Comentando en ABC –23 de junio de 1946– la primera edición de El hotel del Cisne, M. Fernández Almagro afirmaba: «[En esa novela] constituida de muchas novelas que huyen, hallamos un Baroja confirmado y superado. Se le podría explicar, en parte, por la influencia del llamado “vanguardismo”, y, concretamente, del “surrealismo”». Aterrado ante semejante afirmación, el crítico se desdice inmediatamente: «¡Bobada insigne! El hotel del cisne es clásico en la ciudad que Baroja continúa levantando, abierta a todos los vientos de una inspiración que es así: como la vida y como el sueño». Tras denunciar la «bobada» del «vanguardismo» y el «surrealismo», el crítico de ABC se inclina ante la evidencia: relato «inspirado» en los sueños.
Mi Baroja. Surrealismo, terror y transgresión se publicó en 1974. Sally W. Thornton publicó en 2005 (Hispanic Journal, vol. 26, nº 1-2) su ensayo «Pío Baroja and Procopio Pagani in Paris. Surrealist images of a World Gone Mad». Antonio Regalado escribía en Leyendo a Baroja, en 2012: «Baroja no tuvo mucha estima por el surrealismo, aunque algunos de los sueños de Pagani hubieran podido pasar en aquel momento por textos surrealistas…». A partir de ahí, Regalado evocaba el paralelismo de El hotel del Cisne barojiano con el hotel y las cofradías de El Bosco, en El carro de heno… Paralelismos que fui el primero en subrayar, por extenso, en mi locura personal de 1974. Entre mi primera provocación y el ensayo de Antonio Regalado, la novela barojiana transcrita/mecanografiada por Miguel Pérez Ferrero –¿pudo influir de alguna manera en la redacción final del libro?– con fragmentos oníricos, surrealistas, ha sido incluida en sucesivas antologías del relato fantástico español.
¿Es necesario recordar que don Pío no fue un escritor surrealista? Calificativo que le hubiese horrorizado, claro está. Queda lo esencial. El más grande, quizá, de los novelistas españoles del siglo xx comenzó escribiendo relatos cortos de una factura clásica ejemplar, escribió novelas de la más diversa factura, y terminó transcribiendo fábulas oníricas de este tipo, en El hotel del cisne:
«Saco un cigarro, enciendo una cerilla y la tiro con desdén a un automóvil viejo próximo. Al choque de la cerilla, el automóvil presenta primero un punto brillante, va éste aumentando de tamaño y después se extiende a todo el coche, que inmediatamente queda rojo como un ascua. El automóvil baja la cuesta del monte incendiando cuanto encuentra a su paso.

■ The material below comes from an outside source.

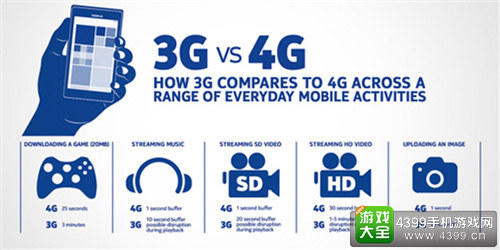 3GVS4G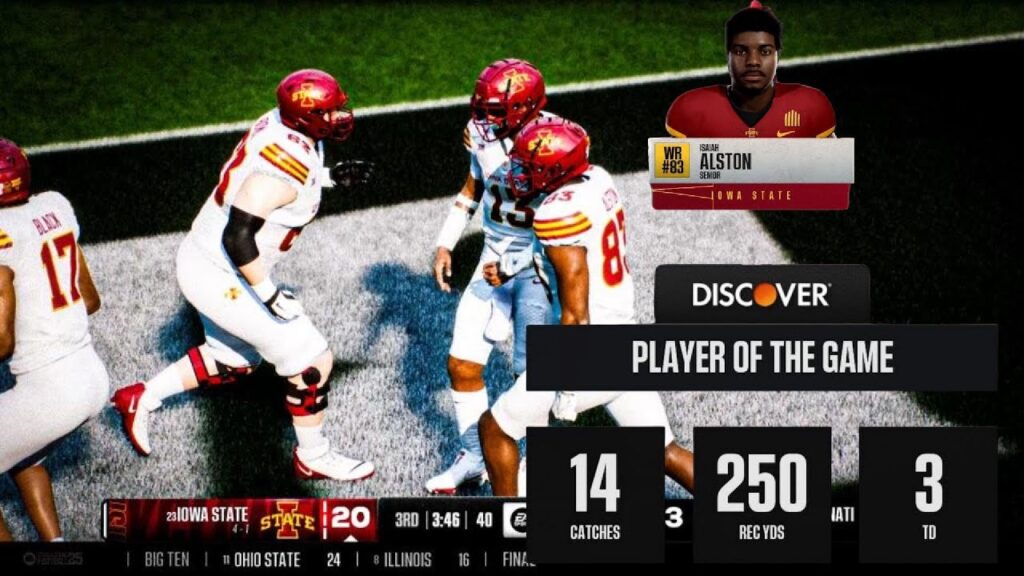 doting up iowa state isaiah alston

La mujer que dirige la fila de vagoneta hace marchar su aparato con habilidad y va detrás del automóvil incandescente. Por en medio del campo cruzan ahora grandes trenes, entre llamas, a gran velocidad. El lago se ilumina con las luces rojas».
El narrador que contempla esa escena alucinante se pregunta: «¿Qué va a pasar aquí?». Y se responde: «¡Esto es algo del Apocalipsis!».
Baroja sitúa su hotel del Cisne en la parisina rue des Solitaires, en el barrio de Belleville, tan próximo del cementerio del Père-Lachaise y el Mur des Fédérés, tan esenciales en el desenlace trágico de la Comuna de París, a la que don Pío consagró tantas páginas y varias novelas. Hacia 1945-46, los años de los sueños y visiones oníricas transcritas en El hotel del Cisne, ese automóvil y trenes en llamas corriendo por un paisaje en ruinas nos habla de los campos de batalla ensangrentados y las ciudades devastadas por los bombardeos estratégicos de la segunda guerra civil entre los pueblos europeos (1939-1945), prolongación de la Guerra Civil española de 1936-1939, a la que Baroja consagró varias novelas, alguna de las cuales culmina en el París de El hotel del Cisne. Cuando el narrador de esa novela exclama «¡Esto es algo del Apocalipsis!», la fábula onírica y la transcripción de un sueño surrealista nos hablan de la bíblica tragedia europea, a través del prisma de una metamorfosis capital de la novela española, en París.